The film shows people attempting to find value, but never getting it. Characters like Largman's cop friend and the inventor of the silent Velcro are people who have (more or less) gained worldly success. They have importance and wealth, respectively. And yet, the cop only became a cop because there was nothing else to do. He grew up, stopped taking drugs, but his life is still average. The Velcro guy has all the money he could ever want (and used it to buy a ridiculous mansion that feeds into his Medieval Time obsession), but he's not taking advantage of it. It doesn't make him happy.

The man at the bottom of the abyss has the wisdom for Largeman. He talks about having the important job of "guardian of the infinite abyss," but then he says that that's just ego stuff. What really matters, he says, what really makes life worth-while, is being with his wife and child. That makes everything meaningful.
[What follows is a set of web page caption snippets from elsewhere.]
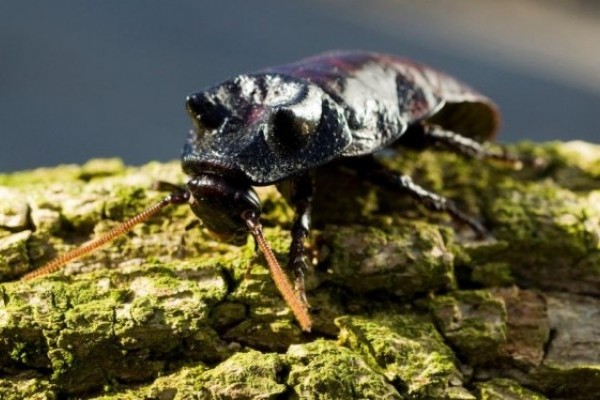 Halloween a Nyíregyházi Állatparkban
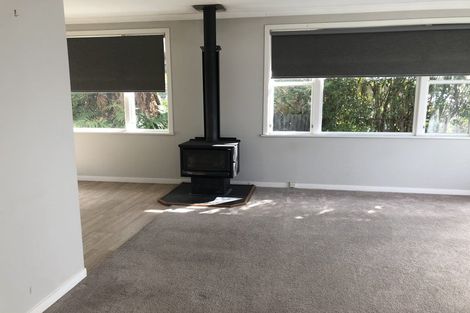 Photo of property in 60 Wakeman Street, Pahiatua, 4910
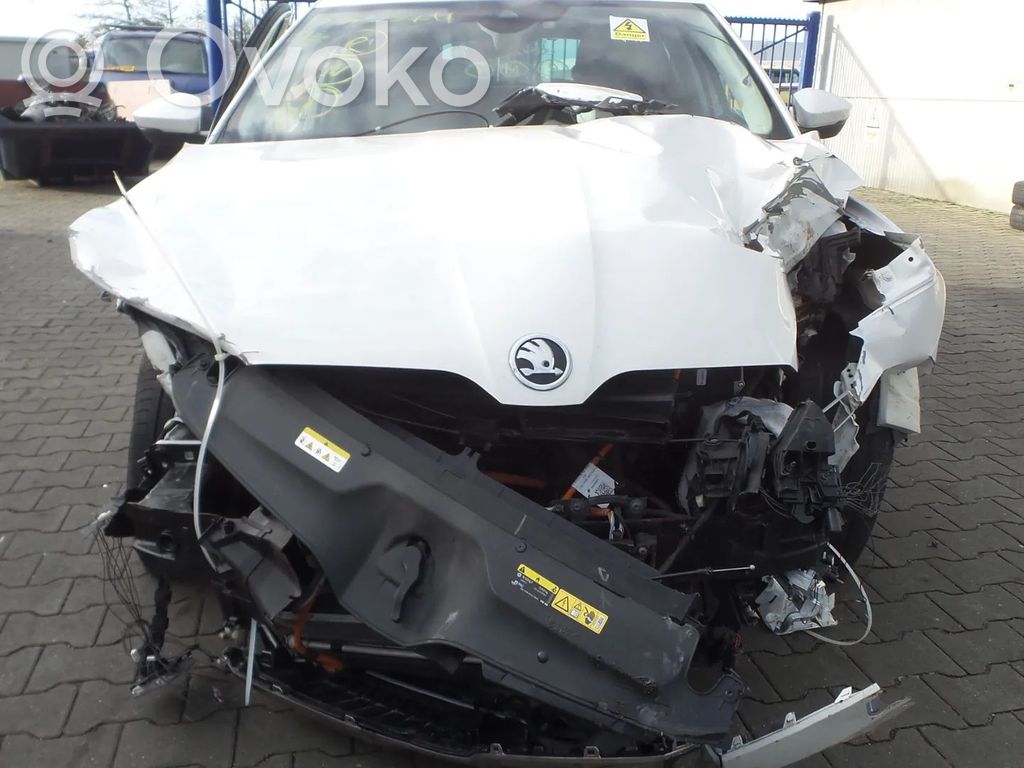 Superb B8 (3V) Superb  04E906262HG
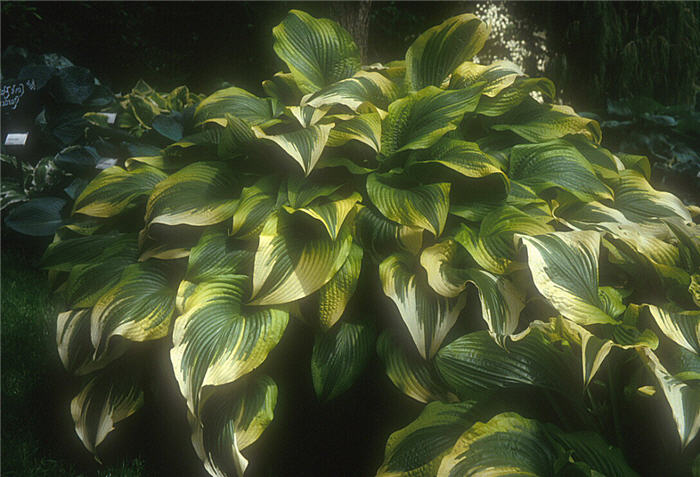Plant photo of: Hosta hybrids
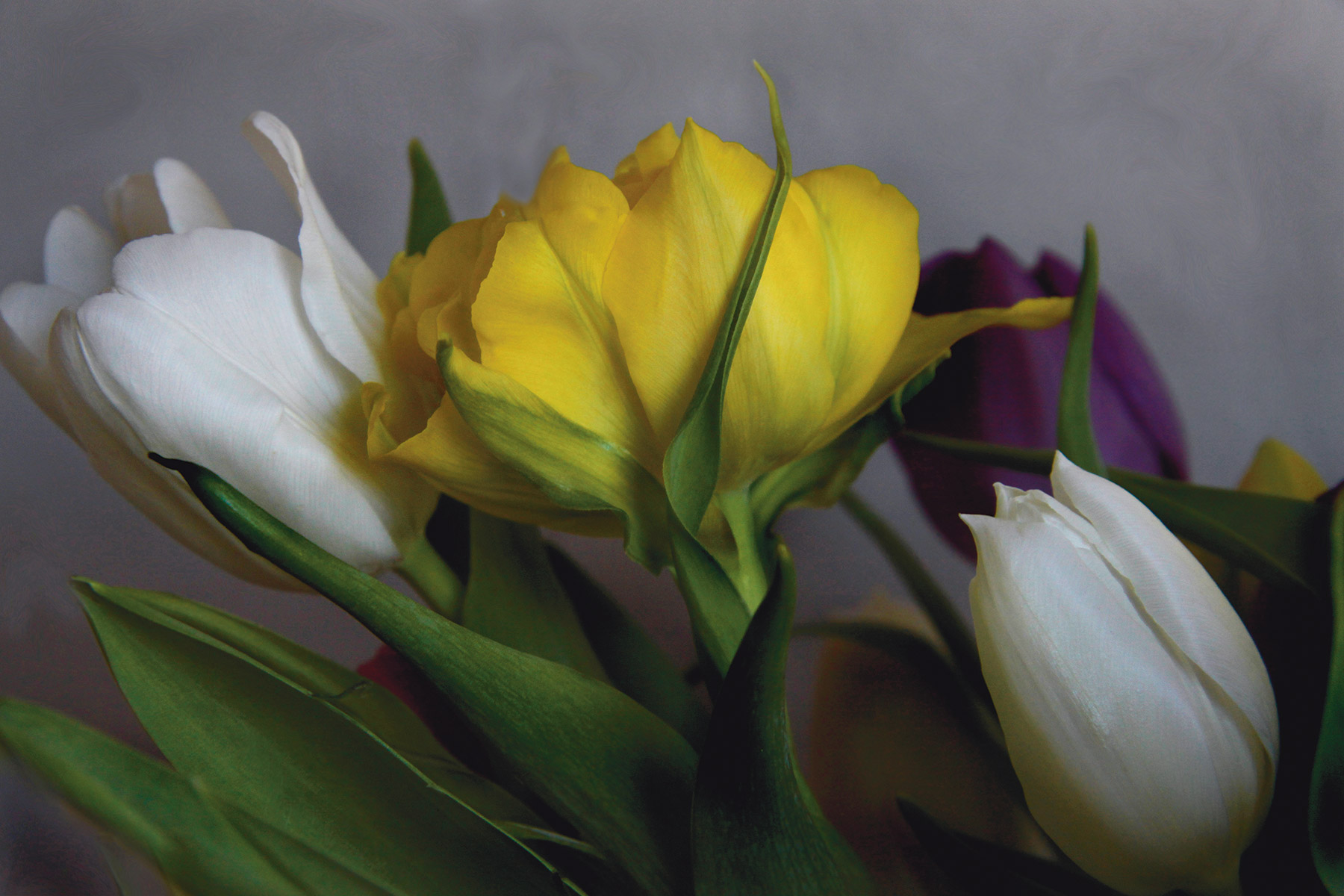 Linda Schwam Merkel, Soft Tulips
Maybe that's why Largeman's mom wanted to die, because the whole family was so distant from each other that none of them ever experienced that love that makes life livable.

And so when Largeman tells his dad that all he has is his life, that that's it, he's not saying that he should go for every hedonistic experience, to squeeze every drop of pleasure out of life. He has found that trying to live a meaningful life void of love is impossible. Love is real.

After the second viewing, I realized that the film is not a carpe diem film, but rather a memento mori film. This made me feel good about liking it.